Bu alıntının ardından, 1925’ten itibaren tarım için neler yapılmış, kısacık bakalım. Ankara’da Balgat, Yağmurbaba, Göğercinlik (Güvercinlik), Macun, Tahar, Ahi Mesud (Etimesgut) ve Çakırlar’da araziler satın alınılıyor. Her biri birer numune çiftliklerne dönüştürülüyor. Durmadan dikilen ağaçlarla ormana dönüşüp sonunda Gazi Orman Çiftliği, yani bugün bildiğimiz ismiyle, Atatürk Orman Çiftliği oluyor. Gazi Mustafa Kemal o dönem bu çiftliklerle bizzat ilgileniyor. Ahimesud’da yeni kurulan çiftliğin başına bir yönetici aradığı zamanda da yolları çiftlik müdürü Tahsin Bey sayesinde o dönem Ziraat Mektebi’nde öğretmenlik yapan Ali Numan’la kesişiyor. İkili arasındaki tarım sohbetleri o zamanlar başlıyor. Temeldeki sorusu ‘Verimsiz toprağı nasıl verimli kılabiliriz?’ olan sohbetlerde, konu bu mesele için gerekli yöntemler ve bilgiler nereden öğrenilebilir sorusuna dayanıyor. Cevap ise belli; Yeni Dünya. O zamanlar Amerika Birleşik Devletleri’nde kuru tarım, yani ‘Dry Farming’ yöntemi hem öğretiliyor, hem de bu yolla başarılı sonuçlar alındığı için, oradaki bilgiyi, birinin ‘ithal’ etmesi lazım oluyor.

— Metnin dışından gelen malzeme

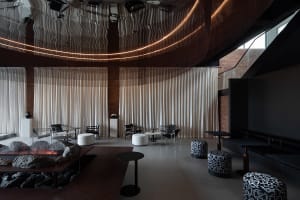 Comfortable modern dining space with a large table, couches, and a fireplace, surrounded by warm lighting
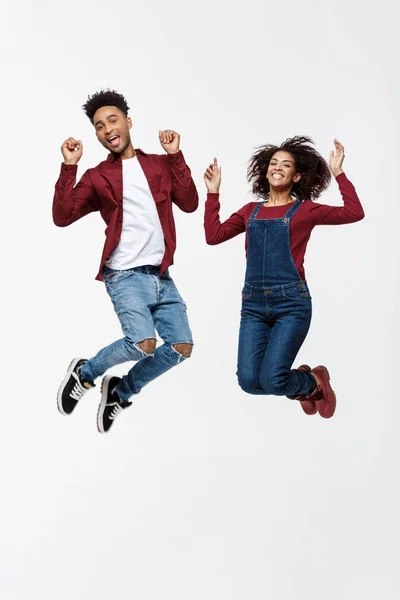 Estilo de vida, felicidad y concepto de personas: Feliz joven encantadora pareja afroamericana saltando sobre fondo gris brillante . —  Fotos de Stock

Bu sırada, Gazi Çiftliği’nde bir bebek doğuyor. Cumhurbaşkanı bebeği görmeye gidiyor, Ali Numan Efendi’nin eşi Semiha Hanım’a, “Hanımefendi; bebeğin ismi Can olsun” diyor. Bir de altın hediye ediyor. Ali Numan Efendi arazide olduğundan karşılaşmıyorlar ancak akşam eve döndüğünde haberleri alan taze baba, altını görünce şaşırıp, iade etmek üzere Gazi ile görüşüyor. Gazi, bu davranışa çok içerliyor. Ancak kızgınlığı uzatmıyor. TBMM’de 1927’de 1109 sayılı ‘Ziraat ve Baytar Enstitüleri ile Âli Mektepleri Tesisine ve Ziraat Tedrisatının Islahına Dair Kanun’ tasarısıyla muazzam bir tarım dönüşümü başlıyor. O dönüşümün adımlarından biri de Ali Numan Efendi’nin eğitim için Amerika’ya gönderilmesi.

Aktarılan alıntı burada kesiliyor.